| WHAT YOU HAVE TO DO |
Your job is to print, exactly, the lines in the data below from the line with "Lowell's poem exaggerates" through the line with "Our third ventricle", both included, and to omit any picture.

| TASK INPUTS |
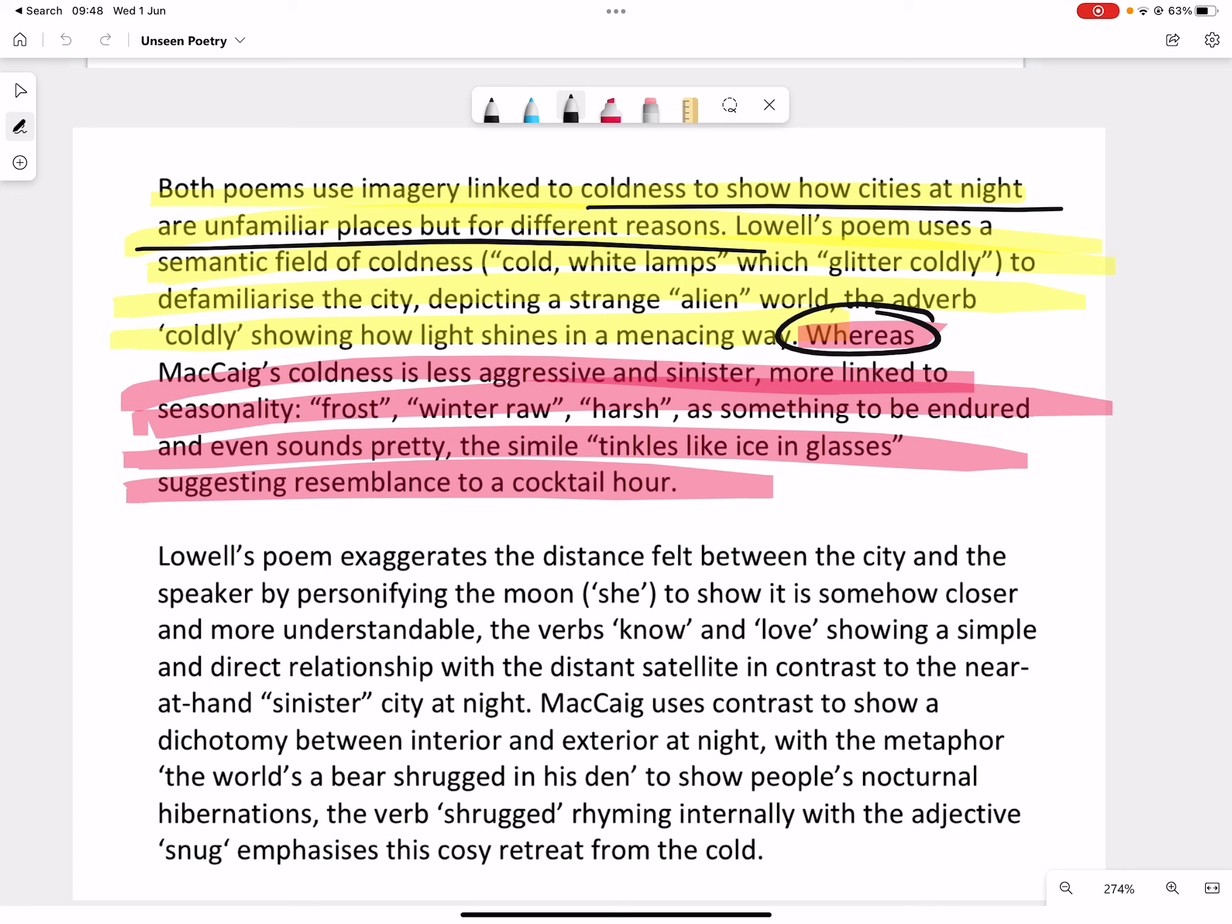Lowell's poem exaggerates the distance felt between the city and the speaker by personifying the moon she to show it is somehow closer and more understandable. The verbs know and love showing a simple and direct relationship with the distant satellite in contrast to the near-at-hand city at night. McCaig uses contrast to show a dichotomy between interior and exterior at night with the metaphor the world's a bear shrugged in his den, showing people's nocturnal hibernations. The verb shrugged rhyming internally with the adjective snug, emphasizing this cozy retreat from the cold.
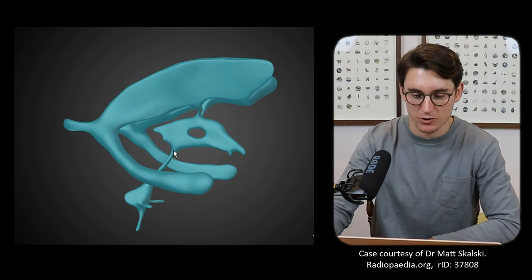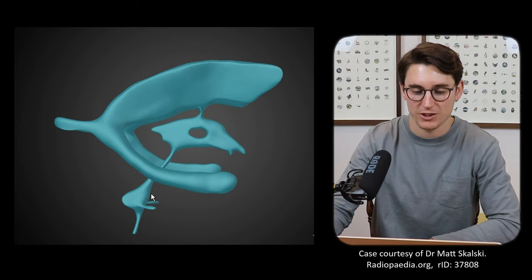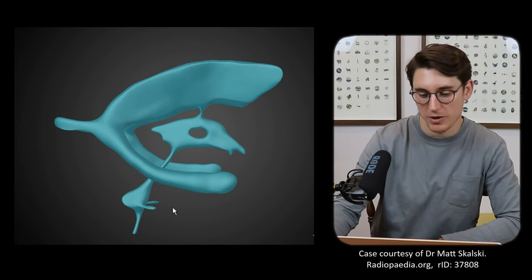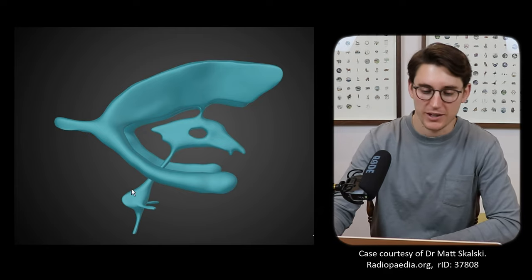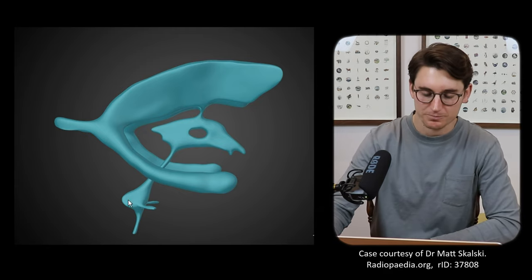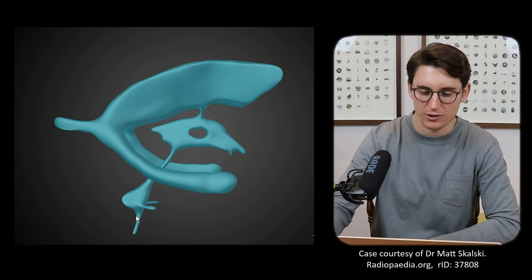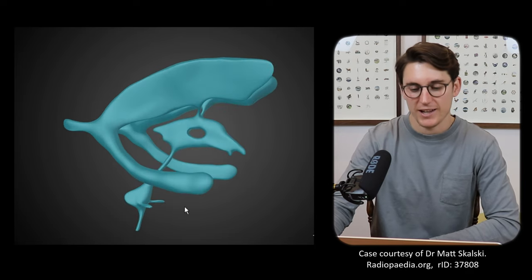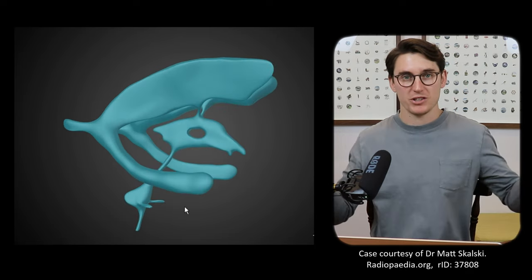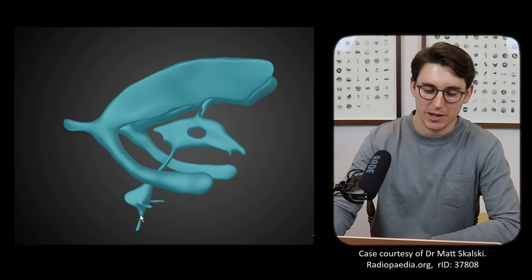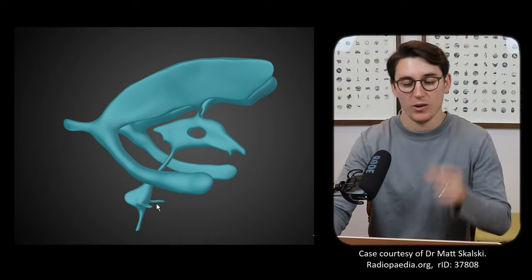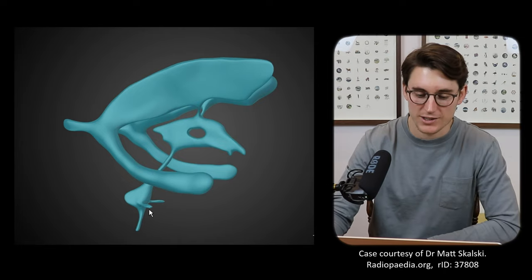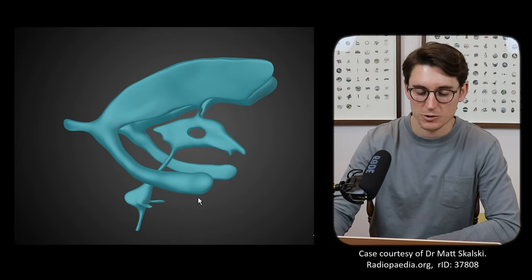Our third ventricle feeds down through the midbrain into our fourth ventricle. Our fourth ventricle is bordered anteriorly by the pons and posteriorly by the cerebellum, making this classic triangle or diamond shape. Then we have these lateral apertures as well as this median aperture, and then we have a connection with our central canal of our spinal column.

==

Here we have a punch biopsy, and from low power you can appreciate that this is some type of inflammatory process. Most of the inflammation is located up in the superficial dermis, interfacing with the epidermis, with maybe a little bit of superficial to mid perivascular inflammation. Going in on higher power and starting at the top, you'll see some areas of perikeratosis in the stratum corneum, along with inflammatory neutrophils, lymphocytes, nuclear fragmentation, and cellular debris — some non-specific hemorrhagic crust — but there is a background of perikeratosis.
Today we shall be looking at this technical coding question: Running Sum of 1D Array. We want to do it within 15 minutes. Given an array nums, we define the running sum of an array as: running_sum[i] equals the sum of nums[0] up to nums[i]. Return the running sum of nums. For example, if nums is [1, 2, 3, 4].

| ANSWER BOX |
Lowell's poem exaggerates the distance felt between the city and the speaker by personifying the moon she to show it is somehow closer and more understandable. The verbs know and love showing a simple and direct relationship with the distant satellite in contrast to the near-at-hand city at night. McCaig uses contrast to show a dichotomy between interior and exterior at night with the metaphor the world's a bear shrugged in his den, showing people's nocturnal hibernations. The verb shrugged rhyming internally with the adjective snug, emphasizing this cozy retreat from the cold.
Our third ventricle feeds down through the midbrain into our fourth ventricle. Our fourth ventricle is bordered anteriorly by the pons and posteriorly by the cerebellum, making this classic triangle or diamond shape. Then we have these lateral apertures as well as this median aperture, and then we have a connection with our central canal of our spinal column.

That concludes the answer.